Why is it called variable capital? Because that is part the capitalist can squeeze to increase the total value produced and therefore increase the capitalist’s surplus value ie profit. How do you “squeeze”? The worker has either have to work either harder or smarter (https://cosmonautmag.com/2021/10/why-machines-dont-create-value/)
Now the above could be considered as use value which is different from exchange value which is what it is traded at in the market.
All of the above presumes a competitive market where no-one is cheating (example wage theft) and the goods produced are socially determined to be useful.
The first chapter of Capital explains this but the following links may help as well:
4 min read: https://en.prolewiki.org/wiki/Labor_theory_of_value
20 min read: https://redsails.org/labour-and-labour-power/
80 min read: https://redsails.org/wage-labour-and-capital/
Look at the sources at the bottom within the above links for further reading.
Marx’s Law of Value is for commodities, ie it cares more about averages of relatively equivalent commodities. The “mud pie” argument and other forms of LTV takedowns apply to Adam Smith’s LTV, not Marx’s Law of Value.
A burnt pie is a failed commodity. It isn’t socially necessary unless there’s a market for burnt pies, in which case it would be worth the average time necessary for said society to create a burnt pie, of course taking into account value from Constant and Variable Capital (constant Capital being things like tool usage, variable Capital being things like labor power).
Exchange values are based on socially necessary labour time, not just any individuals labour time spent on making a commodity. In other words, the social average expected time taken to make any given good is what informs its exchange value. This means that exchange value is inclusive of the average number of burnt cookies produced by an average chef/cookie machine.
Machinery imparts no value into any single good because most machines can produce tens of thousands of commodities before requiring maintenance or replacing. The labour time spent making the machine is distributed evenly across the commodities it produces, so if it took 150 hours to make the machine, and the machine makes 50000 things before it breaks, each commodity has 150/50000 = 0.003 hours of labour time imparted as value into the object, I.e. it’s basically a rounding error.

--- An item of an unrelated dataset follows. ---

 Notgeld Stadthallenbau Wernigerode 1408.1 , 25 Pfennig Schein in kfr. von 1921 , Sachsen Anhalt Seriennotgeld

You get paid 100 dollars a day.
You produce work that your boss sells for 700 dollars a day
Materials, electricity, transport, etc, for the work you produce, cost your boss 200 dollars a day.
So your boss pays 300 dollars to get 700 dollars. Your work is worth more, but you get paid less for it. You get paid 100 to produce work worth 500 (your wage + profit).
In many cases you are not even paid enough to afford buying what you produce.
This is a simplistic example but it demonstrates the basic idea. Things cost money to produce. Then capitalists “add” something extra to that cost, and sell the product. The capitalist profit wasn’t really something added extra. It was removed from the wage the worker pays. Which is why the first thing bosses look to do when cutting costs/looking for more profits (which is always) is not to renegotiate the price of electricity, fuel, or material costs. No, instead they ask you to work extra hours for less money, they offer you a low wage when they hire you (if you’ve been interviewed and hired before, you know that feeling that you’ve been somehow cheated), they lower your wage while crying about the economy, they fire you to hire some other poor bastard who is desperate to take a lower wage.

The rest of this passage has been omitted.